Andriy Andreychuk

Personal information
- Full name: Andriy Vasylyovych Andreychuk
- Date of birth: 17 February 2003 (age 23)
- Place of birth: Nebyliv, Ivano-Frankivsk Oblast, Ukraine
- Height: 1.87 m (6 ft 2 in)
- Position: Striker

Team information
- Current team: Gagra
- Number: 23

Youth career
- 2016: Youth Sportive School Nebyliv
- 2016–2020: Prykarpattia Ivano-Frankivsk

Senior career*
- Years: Team / Apps / (Gls)
- 2020: Prykarpattia-Teplovyk Ivano-Frankivsk / 10 / (5)
- 2021: → Prykarpattia-Teplovyk-2 Ivano-Frankivsk / 6 / (1)
- 2021: Prykarpattia Ivano-Frankivsk / 6 / (0)
- 2021–2024: Oleksandriya / 9 / (0)
- 2024: → Bukovyna Chernivtsi (loan) / 10 / (6)
- 2024–2025: Bukovyna Chernivtsi / 31 / (3)
- 2026–: Gagra / 19 / (4)

= Andriy Andreychuk =

Ukrainian footballer (born 2003)

Andriy Vasylyovych Andreychuk (Андрій Васильович Андрейчук; born 17 February 2003) is a Ukrainian footballer who plays as a striker for Bukovyna Chernivtsi.

==Career==
Born on 17 February 2003, in then Rozhniativ Raion, Andreychuk is a product of the local Nebyliv youth sportive school and Prykarpattia Ivano-Frankivsk youth sportive system.

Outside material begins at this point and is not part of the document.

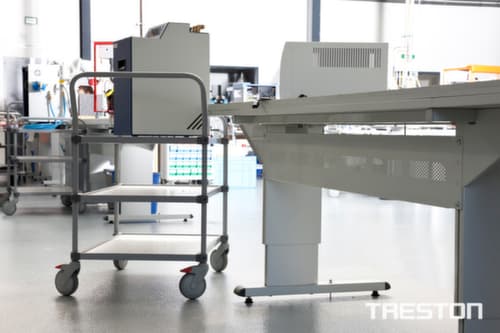 Treston Kabelwanne für Montagetisch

After spent career in the teams of amateur or lower level, after a short trial period, in July 2021, he signed a deal with the Ukrainian Premier League club FC Oleksandriya and made his debut for this side as the second half-time substituted player in the away winning match against SC Tavriya Simferopol on 22 September 2021 in the Round of 32 of the Ukrainian Cup.